Dozens of men dressed in military fatigues and wielding baseball bats waded into the rally of some 2,000 people in Donetsk, heart of a separatist uprising against Kiev, according to Reuters. They lobbed fire-crackers and what appeared to be at least one stun grenade.

Some of the baseball bat-wielding militants were wearing "People's Republic of Donetsk" shirts. A few pro-Ukraine riot police chased them but most either froze or scattered. The chaos lasted about 10 minutes.

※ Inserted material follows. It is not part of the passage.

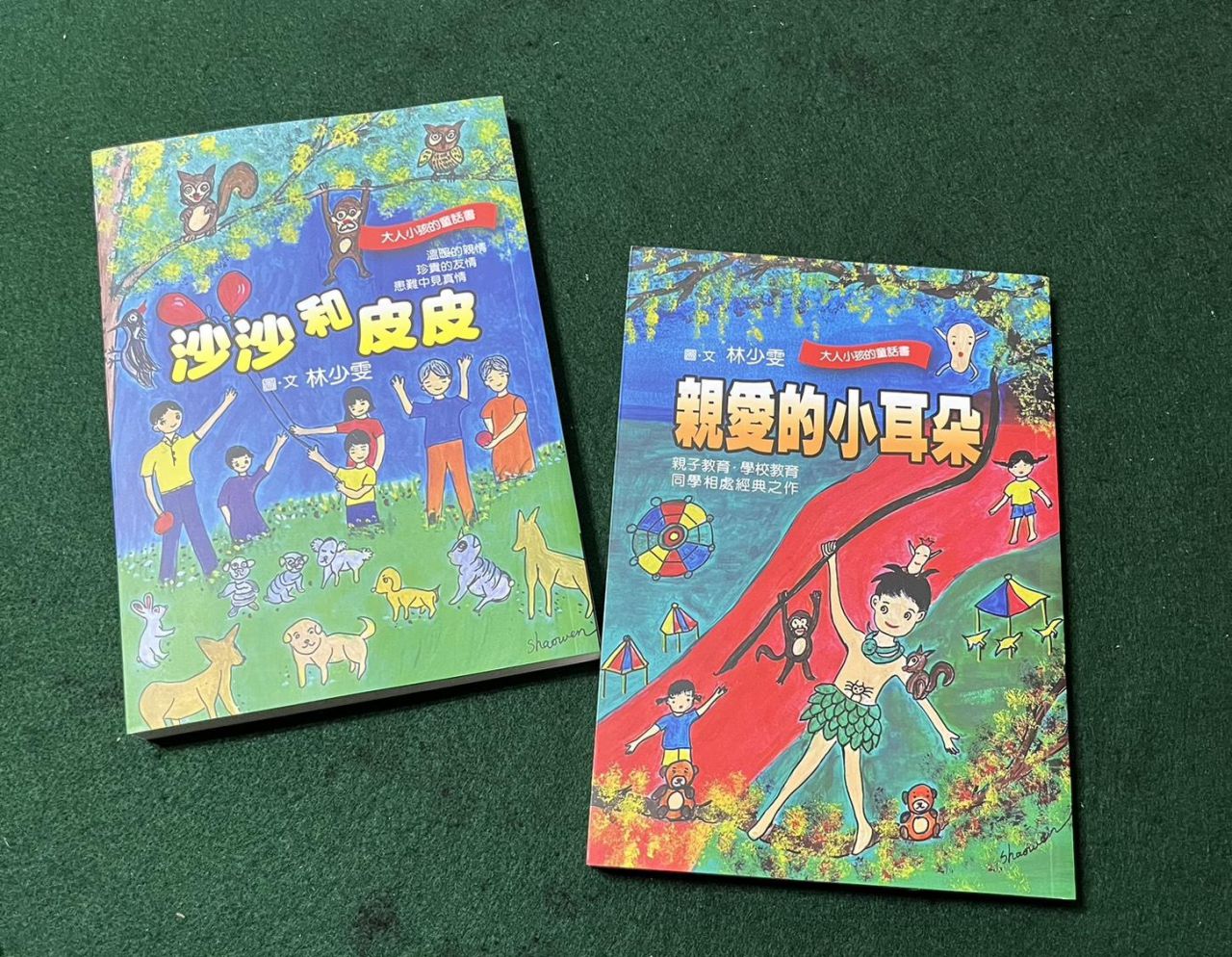 作家林少雯暖贈優質童書     豐富花蓮130校閱讀風景缩略图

Pro-Russian protesters attack a pro-Ukranian protester during a pro-Ukraine rally in the eastern city of Donetsk April 28, 2014.MARKO DJURICA / Reuters

An NBC News team that got caught up in the melee also heard loud explosions and saw people with blood on their faces. A producer for NBC News partner ITN was hit in the back of the head with a brick and was sent to the hospital for evaluation.

A woman who said she was organizing medical care for the wounded said that five people suffered head injuries and were taken to the hospital, two more injured and not taken to the hospital and another five people were unaccounted for.

The rally, during which people chanted "Donetsk is Ukraine!" and waved the Ukrainian flag, dispersed after the violence.

Pro-Russia militiants hold flares as they attack people marching at a rally for Ukrainian national unity in the eastern Ukrainan city of Donetsk on April 28, 2014.ALEXANDER KHUDOTEPLY / AFP - Getty Images

Meanwhile, the mayor of Ukraine's second biggest city was shot in the back on Monday, the highest profile assassination attempt in eastern Ukraine since a standoff between Moscow and Kiev began two months ago.

Gennady Kernes underwent two hours of surgery after the attack in Kharkiv, one eastern city where police have managed to dislodge pro-Moscow rebels.

Surgeon Valery Boiko said his life would hang in the balance for the next few days.

Kernes, 54, went into politics after making his fortune in the gangster-ridden post-communist 1990s.

After protesters toppled pro-Moscow Ukrainian President Viktor Yanukovich in February, he supported calls for Kharkiv to become independent from Kiev's new, pro-European leaders.